By Will Vandervort.
Chad Morris does not know if he will have Deshaun Watson back at quarterback again this season, and that is how is preparing himself and his Clemson offense for the last two games of the year.
The Tigers, who will host Georgia State this Saturday in Death Valley, know Watson will not play this Saturday and everything is day-to-day in regards to whether he will be back for the South Carolina game on Nov. 29.
Clemson announced Sunday night the freshman has a sprained LCL and he could be back before the season ends. Obviously, that is taking the bowl game into consideration as well.
“There is a chance… As a coordinator you try to cover every scenario possible,” Morris said from the WestZone on Monday. “I’m preparing for him not to play. That’s from my standpoint. If he plays, he plays. But I don’t know that today.”
What Morris does know is that he has to have his quarterbacks ready to play.
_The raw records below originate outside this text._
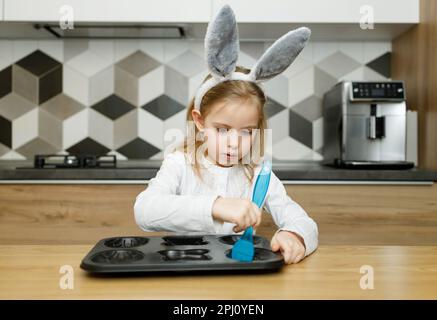 Ernstes Kind kleines Mädchen in Hasenohren, das in der modernen Holzküche zu Hause die Backform mit einer blauen Silikonbürste mit Olivenöl schmiert. Osterkonzept, Stockfoto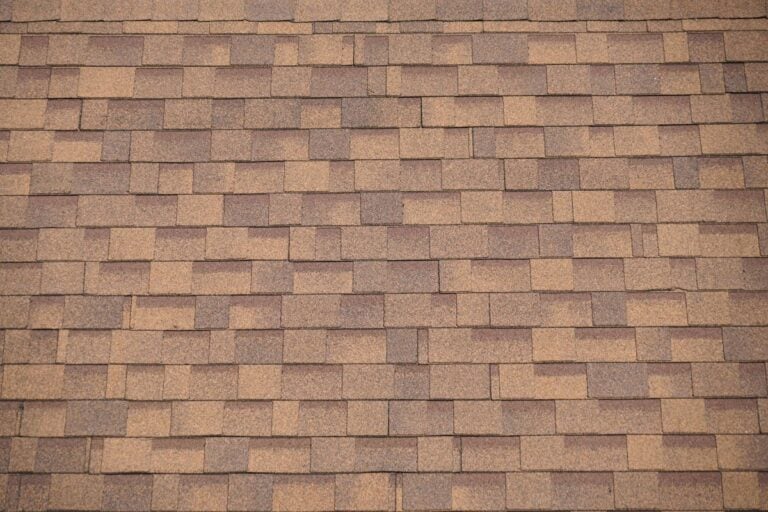 A close-up view of a brown asphalt shingle roof, showing the rectangular pattern and textured surface of the overlapping shingles.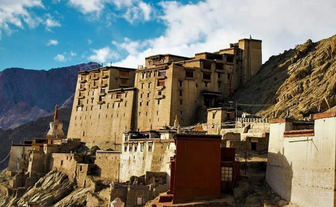 Eine beeindruckende Klosteranlage thront majestätisch auf einem Hügel, umgeben von schroffen Bergen und blauem Himmel.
It was obvious Stoudt was not ready against Georgia Tech last Saturday. After coming in for Watson, the senior threw two pick-sixes and another interception that set up a Yellow Jackets’ field goal.
Stoudt finished the day 3 of 11 for 19 yards. The Tigers threw for just 65 yards altogether, the fewest passing yards by a Clemson team since Tommy West’s Tigers left Tallahassee, Fla., with 64 in 1998.
As an offense, Clemson totaled just 190 yards, the second fewest yards in one game by a Chad Morris offense.
“I was here yesterday and was ready to go to work. Here we go! This is what you do,” Morris said. “We have to go execute the plan. Just like we tell all of our players, we can sit around and feel sorry for ourselves and if we do, and as bad as we feel right now, we will feel even worse 12 days from now. Or you can be the competitor that you are and why you got into this game because you love to compete and you love the challenges.”
After such an embarrassing performance in Atlanta, plus the knowledge that his best player and quarterback may not be available, this is the time when Morris wants to see someone step up and take charge of the offense.
“Everybody is an All-American when it is 72 and partly cloudy. But when it is 100 degrees and the sun is bearing down on you, how are you going to respond? That is when the true character shows up,” he said. “So right now the character, the culture of our program is going to have to be at an all-time high. It is going to have to pull through this adversity that it has right now.”
With the possibility of Watson not being in the lineup in the immediate future, Clemson’s offense is going to have to pull together and become more productive than it has been in the last month.
“I can promise you if you walk down to those offices right now there are coaches all over from offense, defense and special teams and there ain’t anyone waiving a right flag,” Morris said. “We are working harder than we have ever worked and we are trying to find a way. But when our players show up today, they are not going to be waiving a white flag and saying the season is over with. If they are, they don’t need to show up.
“Again, nobody is feeling sorry for them outside this building and no one is feeling sorry for them in this building.”